Endostemon tenuiflorus
- Conservation status: Least Concern (SANBI Red List)

Scientific classification
- Kingdom: Plantae
- Clade: Embryophytes
- Clade: Tracheophytes
- Clade: Angiosperms
- Clade: Eudicots
- Clade: Asterids
- Order: Lamiales
- Family: Lamiaceae
- Genus: Endostemon
- Species: E. tenuiflorus
- Binomial name: Endostemon tenuiflorus (Benth.) M.Ashby
- Synonyms: Orthosiphon tenuiflorus Benth. ; Pseudocimum tenuiflorus (Benth.) Bremek. ; Ocimum depauperatum Vatke ; Orthosiphon depauperatum A.Terracc. ; Pseudocimum trichocalyx Bremek. ;

= Endostemon tenuiflorus =

- Genus: Endostemon
- Species: tenuiflorus
- Authority: (Benth.) M.Ashby
- Conservation status: LC

Species of flowering plant

Endostemon tenuiflorus is a species of flowering plant in the family Lamiaceae and commonly called the slenderleaf keepsafe or, sometimes in South Africa, the mopaneveld keepsafe.

== Description ==
This species is a perennial, softly sticky dwarf shrublet 0.15–0.25 m tall, woody at the base and freely branched. The stems are ascending and covered with fine glandular bristles.

The leaves are subsessile and often leathery, with linear to linear-oblanceolate blades, 12–40 mm long. The surfaces are roughened by numerous sunken glands, with blunt tips, narrowed bases, and margins that are obscurely and distantly toothed, often rolled under.

The inflorescences are lax racemes 50–70 mm long, composed of several spaced whorls, each bearing two flowers. The bracts are 1.5–5 mm long. The calyx is spiny and strongly veined, hairy within the throat, and enlarges to about 3.5 mm at maturity; the tube is bell-shaped, with narrow, awl-shaped lateral teeth shorter than the lower pair. The corolla is whitish to mauve or pink, 8–9 mm long, with a cylindrical tube and short lobes.

===Identification===
In northeastern Africa, Endostemon tenuiflorus looks closest to Endostemon glandulosus in Ethiopia. The latter has a shorter inflorescence, however, and its corolla is five-lobed.

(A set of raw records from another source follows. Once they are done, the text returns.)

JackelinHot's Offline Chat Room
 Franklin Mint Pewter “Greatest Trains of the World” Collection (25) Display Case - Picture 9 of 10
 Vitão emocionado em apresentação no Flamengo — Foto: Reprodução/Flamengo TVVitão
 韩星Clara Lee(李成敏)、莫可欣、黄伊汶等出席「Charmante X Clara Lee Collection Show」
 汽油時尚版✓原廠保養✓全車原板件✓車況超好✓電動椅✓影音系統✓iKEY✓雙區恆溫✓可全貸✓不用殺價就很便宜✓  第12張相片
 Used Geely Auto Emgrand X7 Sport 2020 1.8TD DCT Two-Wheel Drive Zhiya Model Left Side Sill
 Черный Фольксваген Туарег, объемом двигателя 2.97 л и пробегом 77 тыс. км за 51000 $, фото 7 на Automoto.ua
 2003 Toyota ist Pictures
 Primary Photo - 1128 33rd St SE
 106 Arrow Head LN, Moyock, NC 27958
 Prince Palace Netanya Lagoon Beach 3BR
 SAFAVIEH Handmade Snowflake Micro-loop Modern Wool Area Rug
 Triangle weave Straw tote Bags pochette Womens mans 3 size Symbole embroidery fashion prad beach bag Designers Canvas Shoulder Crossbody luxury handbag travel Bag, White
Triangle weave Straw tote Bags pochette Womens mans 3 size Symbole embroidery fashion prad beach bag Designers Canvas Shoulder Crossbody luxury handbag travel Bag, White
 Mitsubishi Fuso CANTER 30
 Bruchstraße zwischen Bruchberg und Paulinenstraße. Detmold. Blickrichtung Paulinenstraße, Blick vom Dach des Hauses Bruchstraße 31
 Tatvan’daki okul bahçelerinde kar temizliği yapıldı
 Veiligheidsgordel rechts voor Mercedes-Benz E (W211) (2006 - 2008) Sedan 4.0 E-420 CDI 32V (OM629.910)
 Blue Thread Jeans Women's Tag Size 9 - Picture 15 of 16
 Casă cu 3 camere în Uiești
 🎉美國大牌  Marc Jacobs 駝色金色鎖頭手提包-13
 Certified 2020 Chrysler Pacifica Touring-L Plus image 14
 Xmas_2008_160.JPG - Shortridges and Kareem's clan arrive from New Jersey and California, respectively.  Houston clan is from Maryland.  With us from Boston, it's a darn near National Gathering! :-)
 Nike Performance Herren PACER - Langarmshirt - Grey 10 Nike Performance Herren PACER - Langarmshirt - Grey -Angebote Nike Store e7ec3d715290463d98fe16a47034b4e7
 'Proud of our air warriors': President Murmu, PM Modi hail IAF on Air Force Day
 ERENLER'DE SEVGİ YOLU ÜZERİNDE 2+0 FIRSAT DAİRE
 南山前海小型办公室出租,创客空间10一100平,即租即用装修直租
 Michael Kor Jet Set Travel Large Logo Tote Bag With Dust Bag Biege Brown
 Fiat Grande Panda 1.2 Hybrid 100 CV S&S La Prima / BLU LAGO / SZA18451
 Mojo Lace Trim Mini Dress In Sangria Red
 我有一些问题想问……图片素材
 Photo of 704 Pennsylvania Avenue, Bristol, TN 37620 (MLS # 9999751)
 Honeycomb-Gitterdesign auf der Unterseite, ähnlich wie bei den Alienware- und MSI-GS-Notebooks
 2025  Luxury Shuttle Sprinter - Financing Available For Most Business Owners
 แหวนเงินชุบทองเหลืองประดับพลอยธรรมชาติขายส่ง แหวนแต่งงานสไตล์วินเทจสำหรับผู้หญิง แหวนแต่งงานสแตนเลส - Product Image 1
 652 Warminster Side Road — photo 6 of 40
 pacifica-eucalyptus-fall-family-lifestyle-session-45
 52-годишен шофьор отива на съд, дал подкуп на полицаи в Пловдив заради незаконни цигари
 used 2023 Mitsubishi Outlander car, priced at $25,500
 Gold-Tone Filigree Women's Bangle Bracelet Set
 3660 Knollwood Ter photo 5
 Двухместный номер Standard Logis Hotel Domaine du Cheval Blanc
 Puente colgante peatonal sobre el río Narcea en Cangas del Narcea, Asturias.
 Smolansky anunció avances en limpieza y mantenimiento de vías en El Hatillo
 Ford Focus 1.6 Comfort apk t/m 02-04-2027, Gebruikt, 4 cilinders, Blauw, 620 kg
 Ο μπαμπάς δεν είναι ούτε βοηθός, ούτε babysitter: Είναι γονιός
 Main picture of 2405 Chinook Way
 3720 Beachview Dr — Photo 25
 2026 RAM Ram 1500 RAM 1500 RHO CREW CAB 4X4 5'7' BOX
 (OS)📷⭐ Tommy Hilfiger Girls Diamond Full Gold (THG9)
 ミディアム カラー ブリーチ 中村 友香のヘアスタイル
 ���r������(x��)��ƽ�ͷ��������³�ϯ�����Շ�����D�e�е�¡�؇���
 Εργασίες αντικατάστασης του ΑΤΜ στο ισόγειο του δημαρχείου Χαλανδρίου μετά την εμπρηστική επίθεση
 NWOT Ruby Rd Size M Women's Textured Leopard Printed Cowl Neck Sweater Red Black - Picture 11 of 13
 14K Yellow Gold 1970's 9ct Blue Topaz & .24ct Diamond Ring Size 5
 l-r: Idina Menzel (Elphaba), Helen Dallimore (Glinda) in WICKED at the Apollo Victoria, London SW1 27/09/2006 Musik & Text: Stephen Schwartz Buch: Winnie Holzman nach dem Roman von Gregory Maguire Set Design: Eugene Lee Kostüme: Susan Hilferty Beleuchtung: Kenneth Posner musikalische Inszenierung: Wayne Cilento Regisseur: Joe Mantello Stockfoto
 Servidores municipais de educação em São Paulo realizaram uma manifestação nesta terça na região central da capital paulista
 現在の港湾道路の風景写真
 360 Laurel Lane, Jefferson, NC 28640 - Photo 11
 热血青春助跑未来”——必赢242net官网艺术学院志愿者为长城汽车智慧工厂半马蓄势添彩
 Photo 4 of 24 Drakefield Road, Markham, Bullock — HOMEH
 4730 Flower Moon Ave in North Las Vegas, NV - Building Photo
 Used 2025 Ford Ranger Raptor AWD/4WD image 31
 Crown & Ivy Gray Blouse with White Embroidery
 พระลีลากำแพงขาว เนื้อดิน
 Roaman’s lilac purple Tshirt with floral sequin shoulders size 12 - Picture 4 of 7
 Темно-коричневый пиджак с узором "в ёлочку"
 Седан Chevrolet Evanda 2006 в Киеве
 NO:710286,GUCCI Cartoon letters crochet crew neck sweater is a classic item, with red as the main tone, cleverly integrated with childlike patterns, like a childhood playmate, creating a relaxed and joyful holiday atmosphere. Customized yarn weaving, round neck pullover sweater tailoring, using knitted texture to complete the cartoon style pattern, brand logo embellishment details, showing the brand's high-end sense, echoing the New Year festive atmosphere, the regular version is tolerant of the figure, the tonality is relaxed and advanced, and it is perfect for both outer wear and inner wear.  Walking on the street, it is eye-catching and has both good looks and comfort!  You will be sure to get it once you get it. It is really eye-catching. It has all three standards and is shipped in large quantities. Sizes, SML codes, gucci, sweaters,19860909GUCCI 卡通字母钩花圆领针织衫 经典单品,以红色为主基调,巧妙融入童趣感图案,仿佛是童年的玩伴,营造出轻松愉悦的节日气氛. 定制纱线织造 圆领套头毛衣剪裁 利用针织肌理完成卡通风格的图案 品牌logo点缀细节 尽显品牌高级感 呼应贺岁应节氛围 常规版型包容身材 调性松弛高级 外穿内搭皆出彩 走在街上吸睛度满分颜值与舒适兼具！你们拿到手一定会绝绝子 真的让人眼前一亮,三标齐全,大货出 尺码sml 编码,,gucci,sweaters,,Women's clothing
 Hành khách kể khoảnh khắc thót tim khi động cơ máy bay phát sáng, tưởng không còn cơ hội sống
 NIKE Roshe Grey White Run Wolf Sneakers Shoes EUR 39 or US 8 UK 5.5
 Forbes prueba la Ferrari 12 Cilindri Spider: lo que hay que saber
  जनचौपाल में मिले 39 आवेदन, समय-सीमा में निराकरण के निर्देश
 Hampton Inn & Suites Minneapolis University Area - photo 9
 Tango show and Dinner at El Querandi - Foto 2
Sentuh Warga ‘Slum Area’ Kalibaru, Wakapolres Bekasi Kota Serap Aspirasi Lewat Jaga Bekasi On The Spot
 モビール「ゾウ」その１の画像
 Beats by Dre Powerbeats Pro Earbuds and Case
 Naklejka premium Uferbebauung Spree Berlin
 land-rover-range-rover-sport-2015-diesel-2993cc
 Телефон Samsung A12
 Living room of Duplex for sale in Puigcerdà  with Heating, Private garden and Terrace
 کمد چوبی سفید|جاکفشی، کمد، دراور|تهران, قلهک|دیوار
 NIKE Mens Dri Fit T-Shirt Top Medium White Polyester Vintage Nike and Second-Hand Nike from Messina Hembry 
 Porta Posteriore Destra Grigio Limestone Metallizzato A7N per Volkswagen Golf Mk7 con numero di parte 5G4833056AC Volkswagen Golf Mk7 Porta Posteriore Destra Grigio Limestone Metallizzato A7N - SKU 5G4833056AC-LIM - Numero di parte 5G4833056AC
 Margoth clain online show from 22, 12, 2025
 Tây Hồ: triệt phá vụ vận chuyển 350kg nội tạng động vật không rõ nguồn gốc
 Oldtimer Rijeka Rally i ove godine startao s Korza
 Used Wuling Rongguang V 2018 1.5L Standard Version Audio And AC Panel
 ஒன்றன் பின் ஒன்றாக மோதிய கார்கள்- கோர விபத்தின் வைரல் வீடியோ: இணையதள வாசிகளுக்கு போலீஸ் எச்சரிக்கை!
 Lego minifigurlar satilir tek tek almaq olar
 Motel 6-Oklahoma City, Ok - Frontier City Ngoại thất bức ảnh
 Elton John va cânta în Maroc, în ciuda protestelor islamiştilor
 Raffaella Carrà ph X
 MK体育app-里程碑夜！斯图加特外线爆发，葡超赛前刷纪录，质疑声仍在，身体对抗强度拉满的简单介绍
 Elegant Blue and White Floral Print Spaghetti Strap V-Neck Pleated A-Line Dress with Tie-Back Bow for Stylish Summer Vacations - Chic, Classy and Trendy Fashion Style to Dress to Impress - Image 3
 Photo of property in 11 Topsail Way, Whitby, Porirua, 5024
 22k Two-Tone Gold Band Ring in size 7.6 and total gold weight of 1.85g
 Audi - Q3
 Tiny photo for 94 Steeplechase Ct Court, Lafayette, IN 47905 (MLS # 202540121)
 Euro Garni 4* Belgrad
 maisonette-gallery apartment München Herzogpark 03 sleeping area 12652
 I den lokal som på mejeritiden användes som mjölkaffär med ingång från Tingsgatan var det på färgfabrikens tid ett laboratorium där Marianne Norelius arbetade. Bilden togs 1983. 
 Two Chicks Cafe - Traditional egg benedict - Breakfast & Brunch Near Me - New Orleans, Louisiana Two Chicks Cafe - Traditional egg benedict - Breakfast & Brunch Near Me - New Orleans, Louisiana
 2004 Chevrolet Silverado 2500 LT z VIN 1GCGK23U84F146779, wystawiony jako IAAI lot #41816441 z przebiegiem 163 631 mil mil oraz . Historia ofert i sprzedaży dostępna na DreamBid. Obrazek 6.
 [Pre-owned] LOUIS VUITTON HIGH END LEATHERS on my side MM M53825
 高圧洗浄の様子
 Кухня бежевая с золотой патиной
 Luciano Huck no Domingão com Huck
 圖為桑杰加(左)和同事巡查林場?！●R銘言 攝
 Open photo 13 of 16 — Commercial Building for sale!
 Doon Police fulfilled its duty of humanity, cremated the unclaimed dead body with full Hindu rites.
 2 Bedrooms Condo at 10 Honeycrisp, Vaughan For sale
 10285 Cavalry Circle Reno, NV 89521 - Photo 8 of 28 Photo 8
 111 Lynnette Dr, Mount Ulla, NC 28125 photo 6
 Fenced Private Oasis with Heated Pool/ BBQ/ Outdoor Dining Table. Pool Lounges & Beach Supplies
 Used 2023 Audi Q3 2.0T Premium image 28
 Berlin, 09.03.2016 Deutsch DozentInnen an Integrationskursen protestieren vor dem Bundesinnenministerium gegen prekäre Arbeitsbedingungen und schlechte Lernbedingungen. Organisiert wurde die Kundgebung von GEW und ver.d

==Distribution and habitat==
Endostemon tenuiflorus′s geographic range spans southern Africa, northeastern tropical Africa, southern Madagascar, Socotra, and the Arabian Peninsula. In southern Africa, it has been recorded in northwestern Namibia, Botswana, southernmost Zimbabwe, and South Africa′s Limpopo and Mpumalanga provinces. It tends to be found in drier savannah, including Acacia–Commiphora bushland and Zambezian and mopane woodlands.